This is a question I’ve been getting a lot lately: “should I take the new SAT® or ACT®?”
For all students graduating in 2017 and beyond, you’re going to be subjected to an experiment by the College Board. They have created a brand new test which has new emphases and new styles of questions. A lot of people in the test prep community have responded to this change by saying, “everybody should just prep for the ACT®, forget about the SAT®.”
While that might be okay advice for some students, it’s not the right answer for 100% of people. There are some situations in which it might be better for you to take the ACT® instead of the SAT®, as well as some situations in which it might be better for you to take the SAT® instead of the ACT®.
Why You Should Take the ACT®
1. If you’re going to be an insane prepper. If you plan on doing any of the following: spending an inordinate amount of time prepping for the test, taking every example test humanly possible, looking at as many prep books as you can, or wanting to learn all the secrets of the test. There are tons of old ACT® tests available for download on the internet; you’re going to have more materials to work with than if you were prepping for the SAT®.
2. If you’re going to take a prep class from a place like the Princeton Review, Kaplan, or even a smaller tutoring company within your town. From personal experience, I generally recommend smaller tutoring companies over big ones; sometimes those teachers have a lot more experience tutoring the ACT®, so they might be better at tutoring the ACT® than tutoring the SAT®.

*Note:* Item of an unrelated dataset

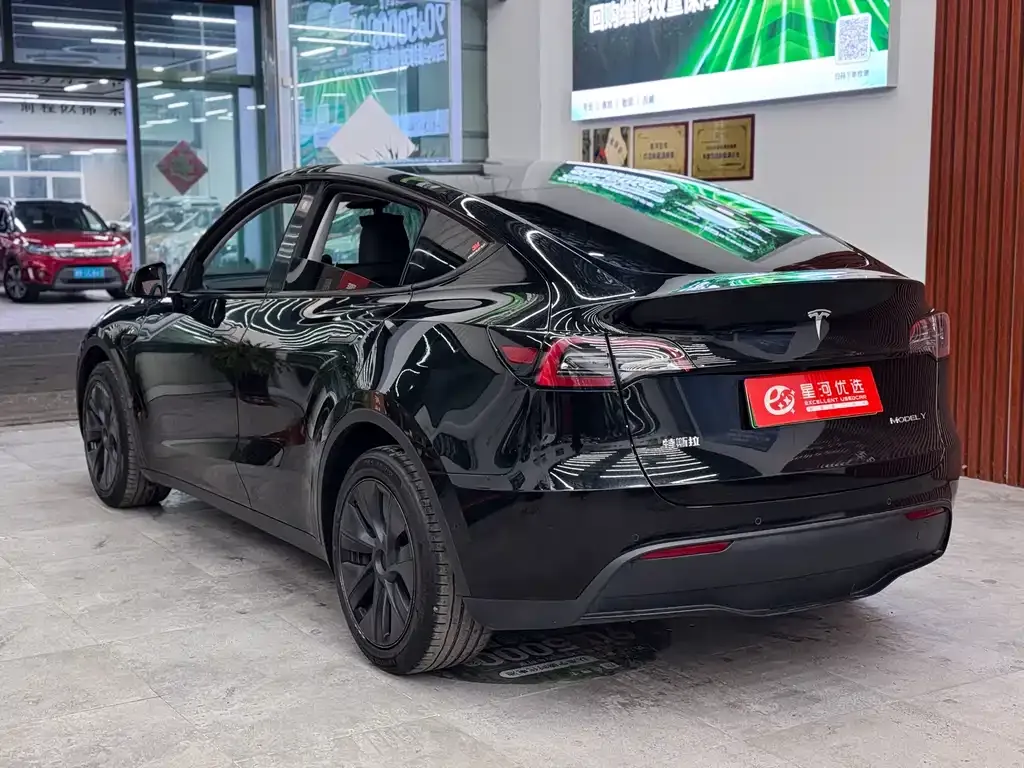 Tesla Model Y — фото 5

3. If your weak spot is writing or reading comprehension. If those are the two areas that you struggle with most, generally the ACT® version of those two sections can be easier to conquer than the SAT®.
Why You Should Take the SAT®
1. Compared to the ACT®, there’s less material for the SAT®, but Khan Academy offers free, high quality prep material online. If your parents don’t have the extra money for a class or a private tutor, and you work well with online learning interfaces, you might consider taking the SAT® over the ACT®.
2. If you struggled with the science section on the ACT®. The SAT® does not have a science section.
3. If you’re really bad with time. You have to finish the ACT® in a certain amount of time, and if you don’t finish, you won’t be able to get all of those unanswered questions right by hurrying through them in the last minute. For some people, the SAT® is easier in regards to time management.
4. If you’re interested in becoming a national merit scholar: someone who scores in the top half percentile to the top one percentile in the country on the PSAT. If you’re a top performer on these tests and you want to prep extensively for the PSAT, it would make more sense to take the SAT®, rather than the ACT®, because the PSAT and SAT® are similar.
Why You Could Take Either Test
1. If you’re going to just walk in cold or you’re not going to do any prep whatsoever, you can pick either. Even if you’re not interested in doing any prep, it’s very beneficial to spend the time taking two practice tests (for free download online) because that won’t cost you a bunch of money that the tests will cost you.
2. If your scores are about equal and you’re only going to do modest self prep. There are four free exams available online for the new SAT®, and if you’re not going to do more than four practice exams, you have the perfect amount of material to prep for it.
3. If you have a very highly skilled professional tutor or a private tutor that’s working with you. They’re going to be able to read the four tests that have been released and be able to coach you in a way that’s going to be valuable and help you up your score.
Still confused?
In order to figure out the answer to this question, you should sit down and take a full length ACT® exam. Then you should sit down and take a full length SAT® exam. That will help you to find out which one you do better on, which will give you a clearer idea of where to go. There’s a concordance table available that shows what percentiles are equal to what percentiles on the ACT® vs SAT®, so if you take both, you can see which one you did better on by comparing your scores. That should be a good starting place for you to help make this decision.